I am studying the wedge product for multivariable analysis, but I feel that the operations are not so intuitive in general. I am looking at the following question which deals with linear transformations.
Let $V,W,Z$ be vector spaces over a field $k$
If $f:V \rightarrow W$ and $g:W \rightarrow Z$ are linear transformations. Prove that $\wedge ^r (g\circ f)=\wedge ^r(g)\circ \wedge ^r(f)$.

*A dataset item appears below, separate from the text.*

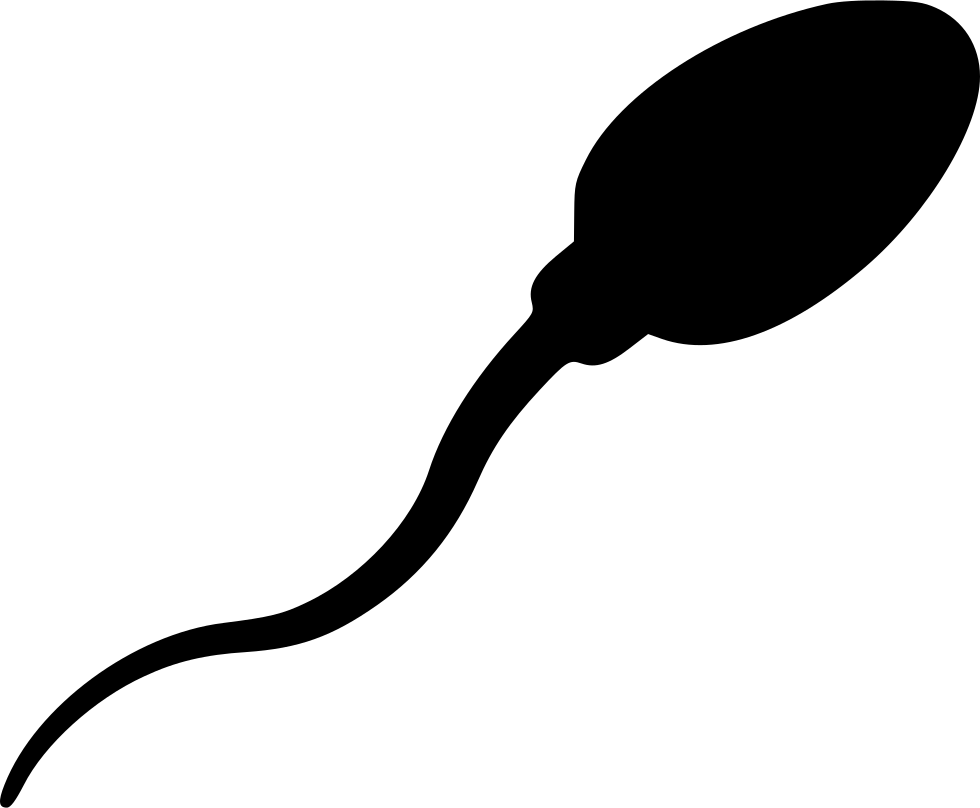 Sperm Comments - Sperm Clipart Transparent (980x808)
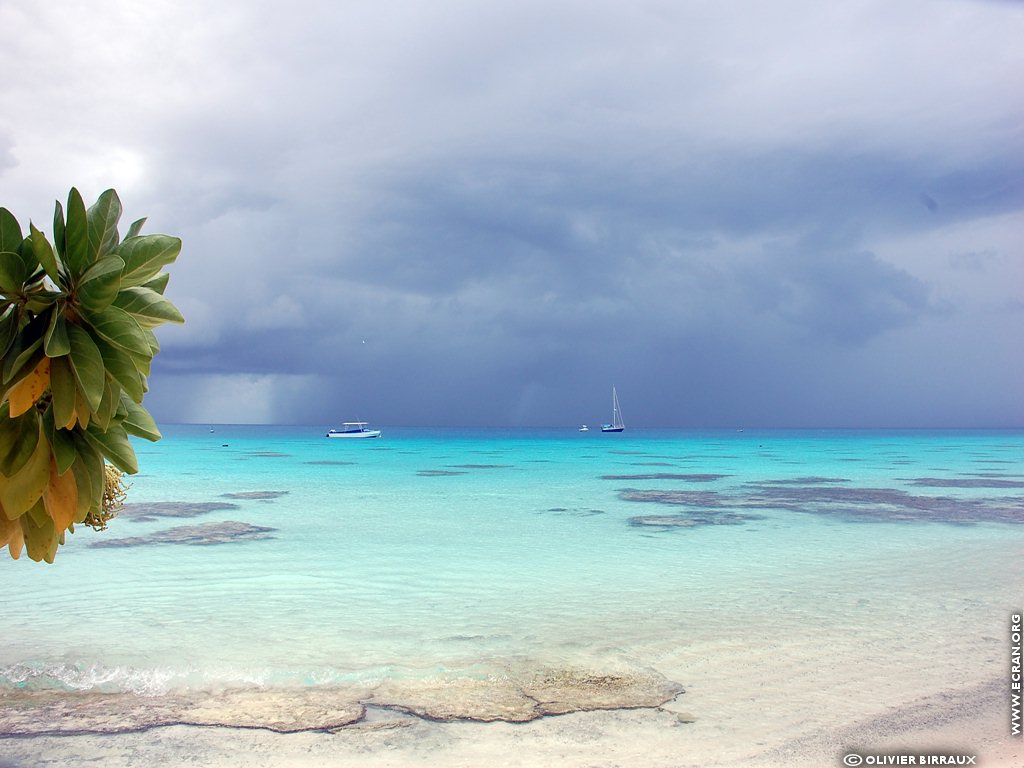 fonds d cran Atoll Fakarava - Archipel Tuamotu Polynesie Francaise - de Olivier Birraux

I've seen examples of linear transformation in $R^n$, and I think that this is either a little too simple and need only involve a basis for each vector space, or this is too messy to write. I tried to get a little more comfortable with the notation around this problem by making up an example with two different dimensions. I used a linear transformation such as
$T_1: R^2\rightarrow R^3$ defined by $T_1(x,y)=(x-y,x,y)$ and
$T_2: R^3\rightarrow R^3$ defined by $T_2(x,y,z)=(2x, 2z, y-x)$
and I considered r=2.
As a result I got the following:
$\wedge^2 f = \begin{bmatrix} 1 \\ 1 \\ 1 \end{bmatrix}$
$\wedge^2 g = \begin{bmatrix} 0 & 4 & 0 \\ 2 & 0 & 0 \\ 0 & 2 & -2 \end{bmatrix}$
When I take the product of both matrices I get
$(\wedge^2 g) \circ (\wedge^2 f)= \begin{bmatrix} 4\\ 2\\ 0 \end{bmatrix}$
If instead I first take the composition and try to compute the wedge product also I get
$\wedge^2(g\circ f)= \begin{bmatrix} 4 \\ 2 \\ 0 \end{bmatrix}$
I just feel that I am not really manipulating the abstract generalized notion for the definition used over wedge products. I initially thought that maybe it might help to assume certain dimensions $l,m$ and $n$ for the vector spaces given and write out a basis for each of them, but yet when writing things out, I don't really know what else to do (the definition itself looks a little intimidating).
I appreciate any help given in order to understand a little more what is happening with the wedge product when considering an arbitrary $r$ and dealing with both linear transformations.